Многомерное постмодернистское пространство с его временными группами неожиданным образом напоминает богему, если говорить о смешении искусства и жизни, самоопределения и культуры, бриколажа и авангарда, китча и бунта — или о бунтарском китче. Преисполненная странной эйфории меланхолия постмодернистов, одновременно воспевающих культуру потребления и оплакивающих угасание протеста, также схожа со скорбью тех, кто сокрушается о смерти богемы.
Богемный протест, выражавшийся в «шокирующей новизне», давно потерял способность шокировать. Возможно, именно поэтому мы не заметили или забыли, как, пока запретные сферы индивидуального опыта становились более приемлемыми, целые области политического изымались из обращения и переходили в ведомство цензуры, в лучшем случае отодвигаясь на периферию, в худшем — оказываясь в полном забвении. Кажется, что политический радикализм совершенно потерялся в эстетическом бунте, охватившем западное общество. Мы живем в барочную эпоху эстетического изобилия и политического удушья — или вакуума.
Это не означает, что исчезло желание изменить общество, как полагали некоторые. Не указывает это и на то, что молодежной культурой движет лишь стремление выделиться, интерес к пустому престижу и моде, лишенный политических мотивов[595]
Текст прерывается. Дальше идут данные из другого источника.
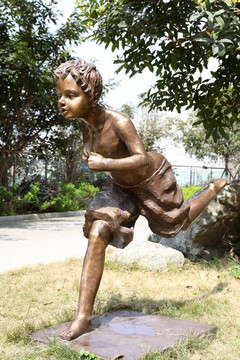 奔跑的儿童雕塑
. Необязательно и восклицать с отчаянием, подобно Т. Дж. Кларку: «Если я больше не могу назвать пролетариат своим избранным народом, то по крайней мере капитализм останется для меня сатаной»[596]. Группы и отдельные люди на Западе (не говоря уже об остальном мире — но это другая история) пытаются протестовать и ищут эффективных способов добиться изменений. Густав Мецгер, например, по-прежнему верит, что искусство способно менять восприятие публики и ее взгляд на мир.С началом нового тысячелетия возникли, по всей видимости, и новые формы протеста — можно вспомнить протесты против Всемирной торговой организации в Сиэтле в 1999 году. Несмотря на некоторую разобщенность и неубедительность, они все же свидетельствовали о появлении новой формы политической организации, поскольку устраивались по всему миру благодаря интернету и электронной почте.
В то же время протесты приняли весьма традиционный и весьма богемный (и явно анархистский) облик зрелищной демонстрации, в которой присутствовали элементы перформанса и театра. В этом плане миф о богеме нельзя назвать ни частью мертвого прошлого, ни отсылкой к будущей утопии. Богемный порыв найдет новые проявления и новые формы, ведь речь, к конце концов, не о том, что постмодернисты называют концом истории, в котором ничто не воспринимается как чуждое и не исключается. Скорее, как полагает Терри Иглтон, мы имеем дело с переходным периодом, таким, когда еще не можем разглядеть источников грядущей истории. Хотя будущих диссидентов, скорее всего, не будут назвать богемой, маловероятно, что когда-либо исчезнет стремление к другой, более подлинной жизни.